-- Records provided follows --

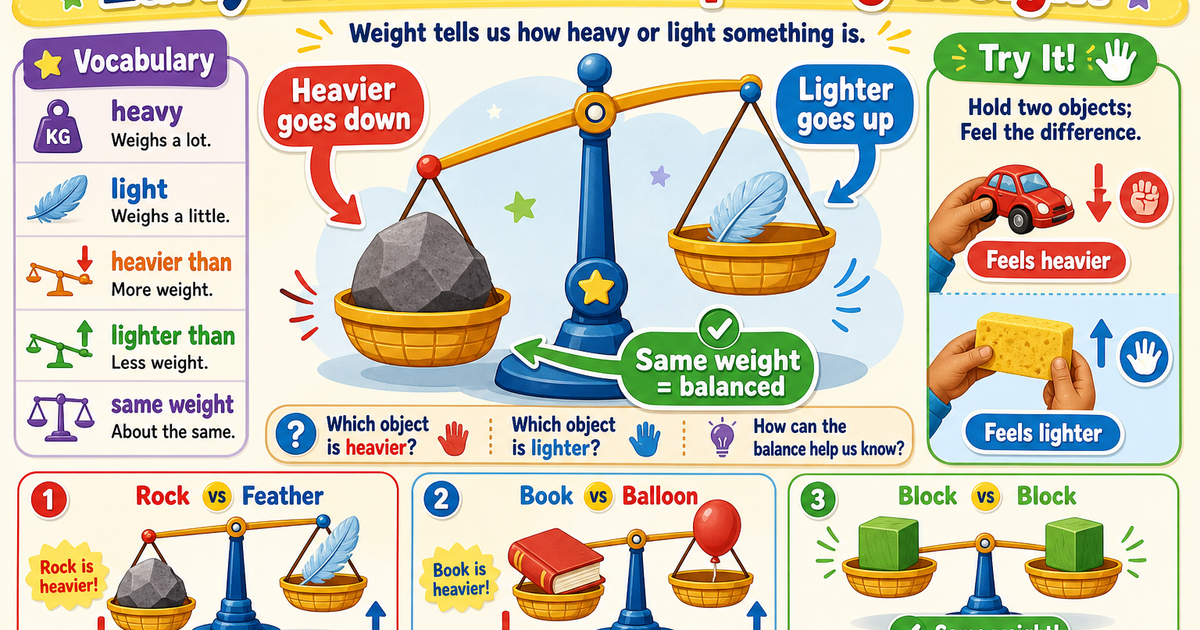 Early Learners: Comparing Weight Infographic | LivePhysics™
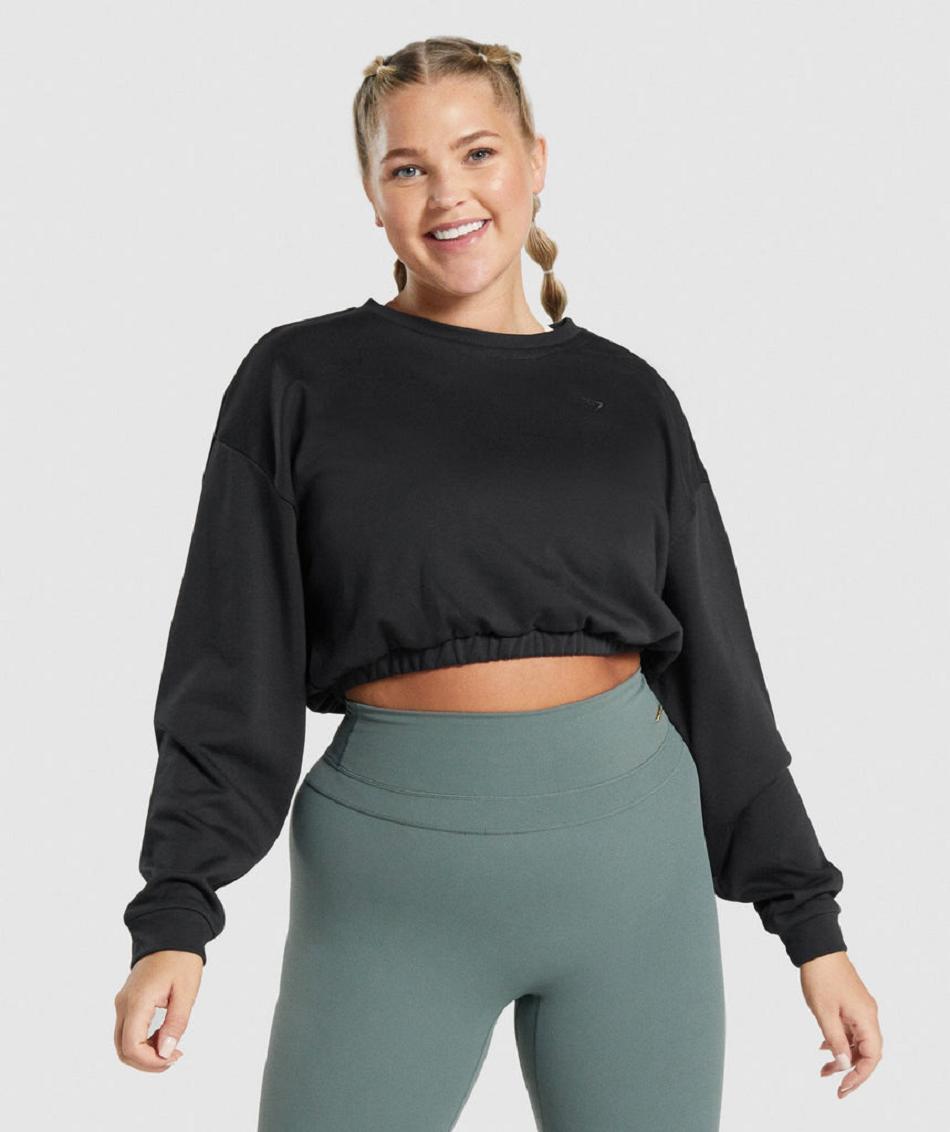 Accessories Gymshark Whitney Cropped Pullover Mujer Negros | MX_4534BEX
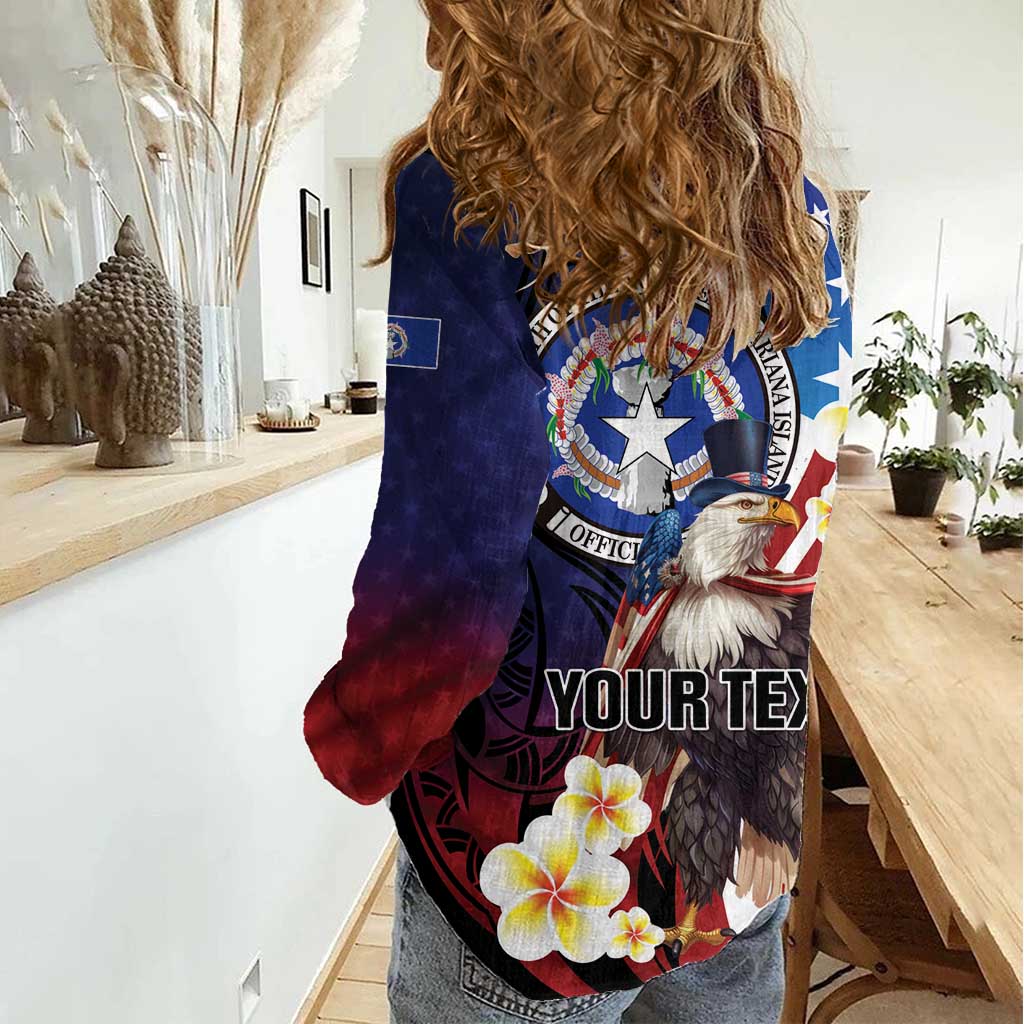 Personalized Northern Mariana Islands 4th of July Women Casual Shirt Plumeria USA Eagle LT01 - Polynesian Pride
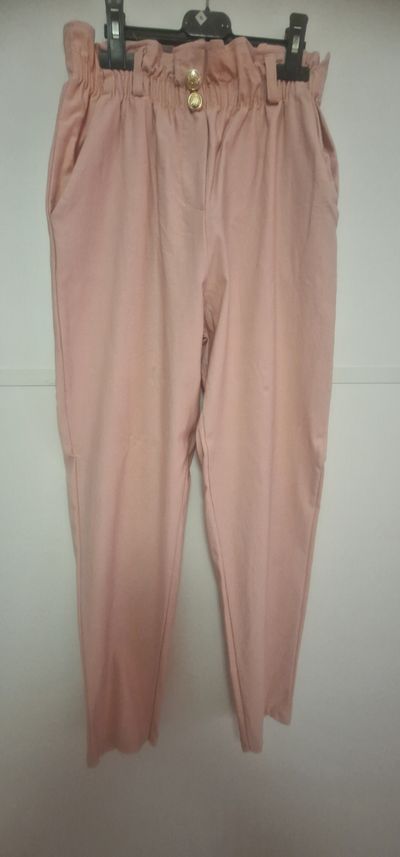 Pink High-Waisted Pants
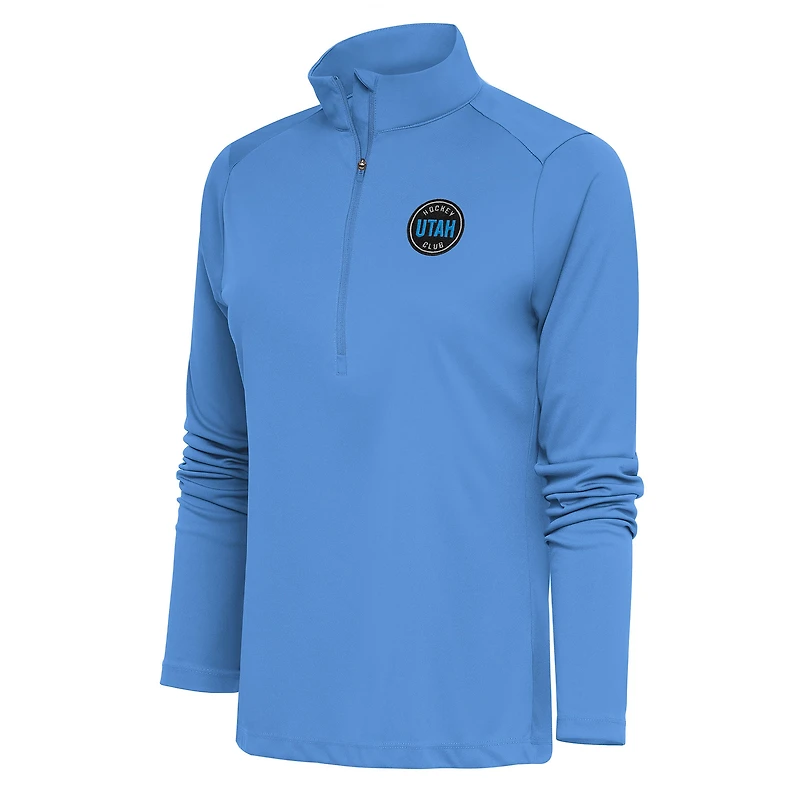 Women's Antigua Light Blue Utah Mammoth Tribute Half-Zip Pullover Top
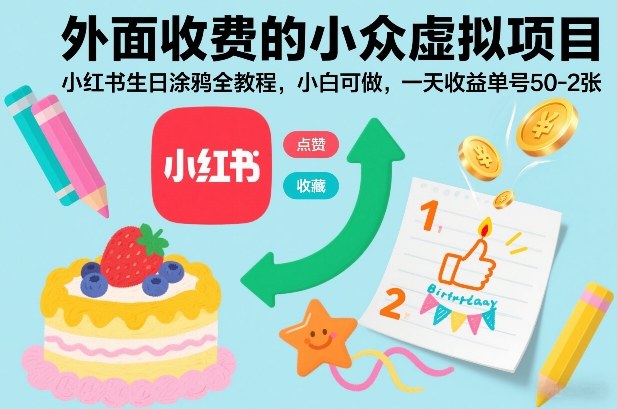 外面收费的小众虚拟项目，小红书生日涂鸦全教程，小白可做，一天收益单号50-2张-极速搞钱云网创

-- Records provided concluded --

The answer consists solely of the lines from the one holding "Accessories Gymshark Whitney" through the last line of the entries above, set down verbatim, without any pictures.

 Accessories Gymshark Whitney Cropped Pullover Mujer Negros | MX_4534BEX
 Personalized Northern Mariana Islands 4th of July Women Casual Shirt Plumeria USA Eagle LT01 - Polynesian Pride
 Pink High-Waisted Pants
 Women's Antigua Light Blue Utah Mammoth Tribute Half-Zip Pullover Top
 外面收费的小众虚拟项目，小红书生日涂鸦全教程，小白可做，一天收益单号50-2张-极速搞钱云网创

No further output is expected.